* _Directions for this task_: Although the data below contains pictures, output only the lines between those holding "Yaye 2022 Hottest" and "Wieszak sosnowy WS02 46,5x80,5x21,5 cm", inclusive, exactly and without those pictures.

* _Task material_:
-- Opening Marker --

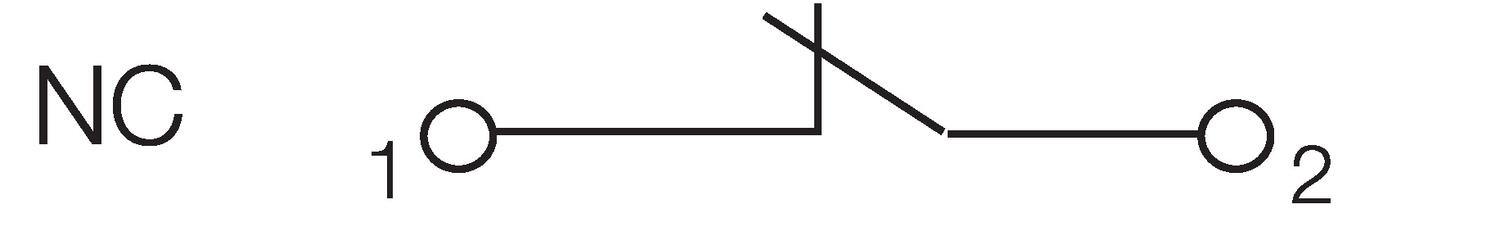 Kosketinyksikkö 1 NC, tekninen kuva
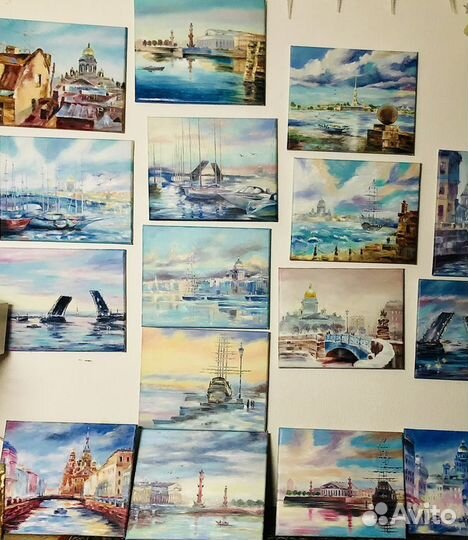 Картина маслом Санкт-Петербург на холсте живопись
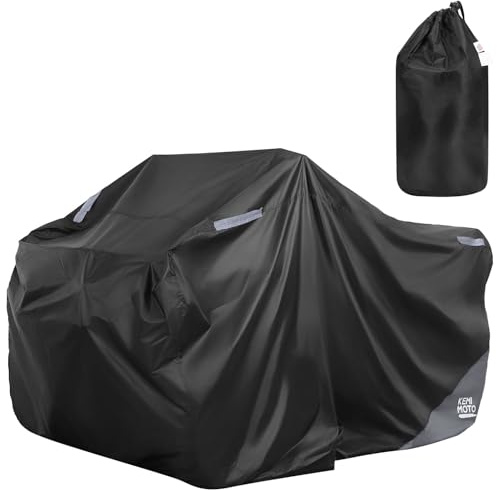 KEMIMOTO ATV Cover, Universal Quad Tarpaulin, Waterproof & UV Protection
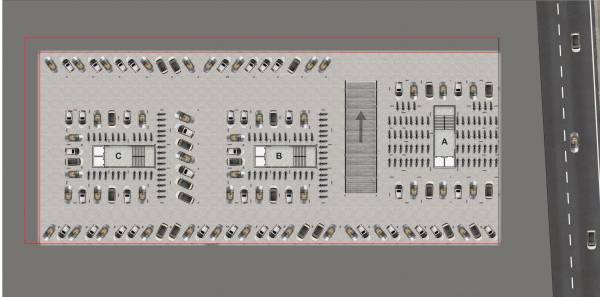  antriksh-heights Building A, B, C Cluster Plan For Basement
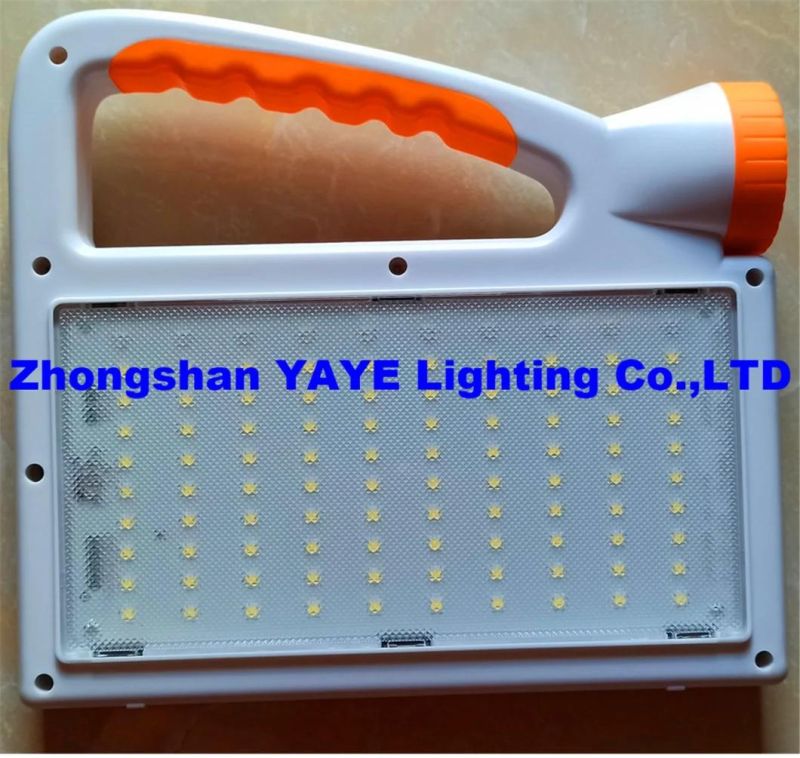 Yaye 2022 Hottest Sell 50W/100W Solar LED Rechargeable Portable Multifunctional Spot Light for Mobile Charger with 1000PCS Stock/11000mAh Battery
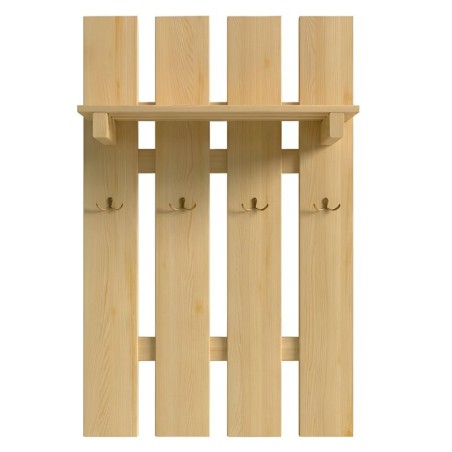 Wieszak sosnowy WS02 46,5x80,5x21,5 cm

-- Closing Marker --
-- Opening Marker --

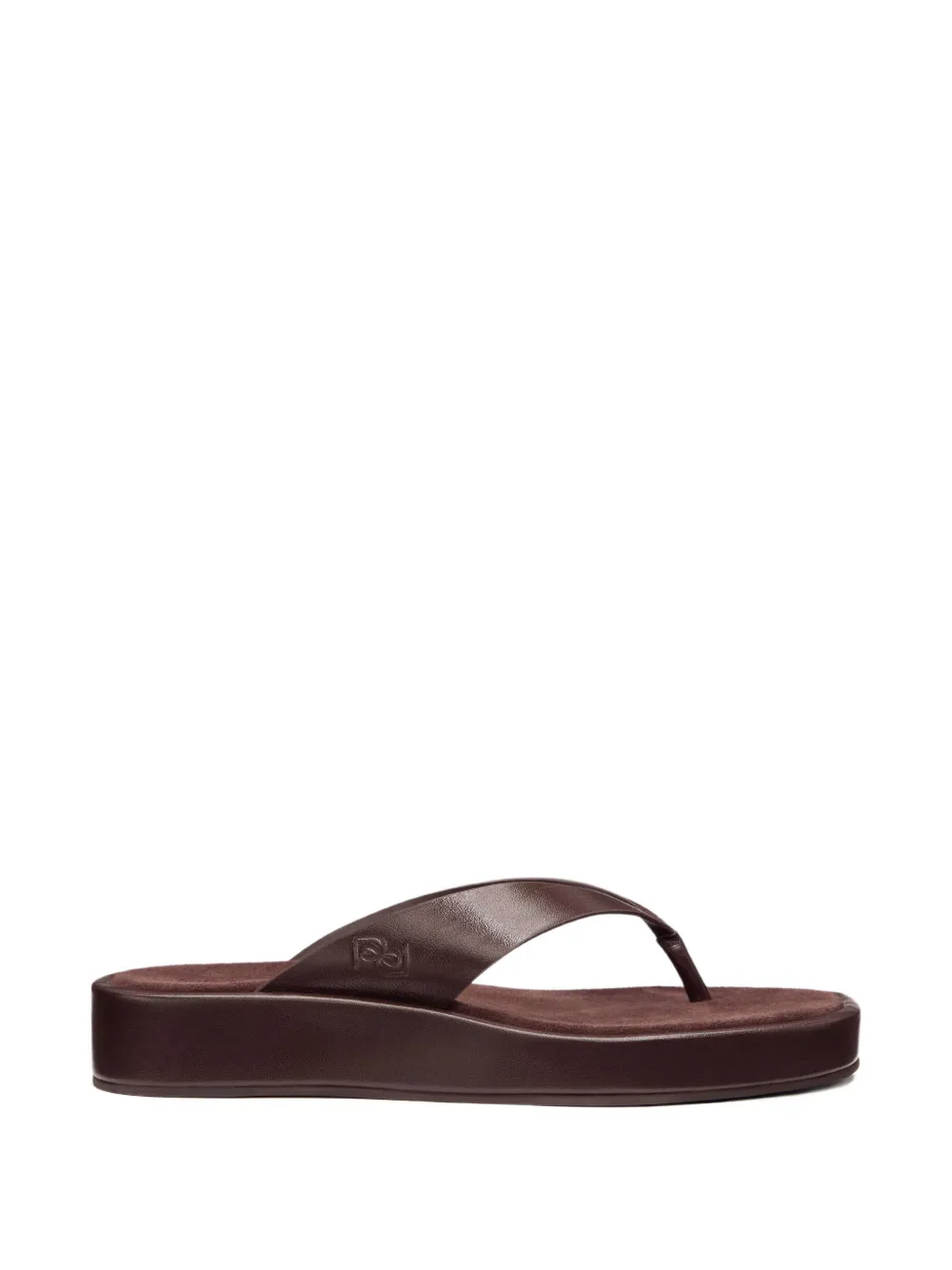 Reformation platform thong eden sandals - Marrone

-- Closing Marker --
-- Opening Marker --

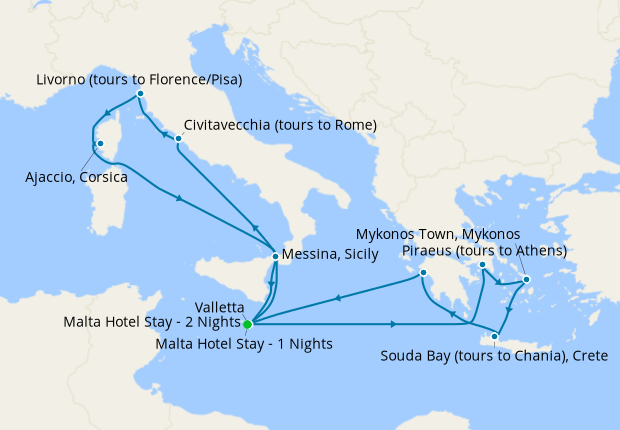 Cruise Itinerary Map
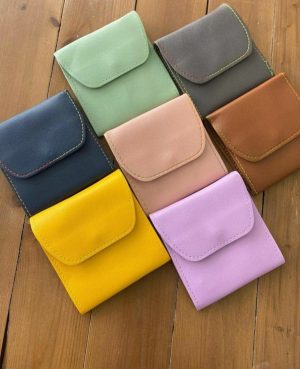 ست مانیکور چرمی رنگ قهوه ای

-- Closing Marker --

* _Response to the exercise_:
 Yaye 2022 Hottest Sell 50W/100W Solar LED Rechargeable Portable Multifunctional Spot Light for Mobile Charger with 1000PCS Stock/11000mAh Battery
 Wieszak sosnowy WS02 46,5x80,5x21,5 cm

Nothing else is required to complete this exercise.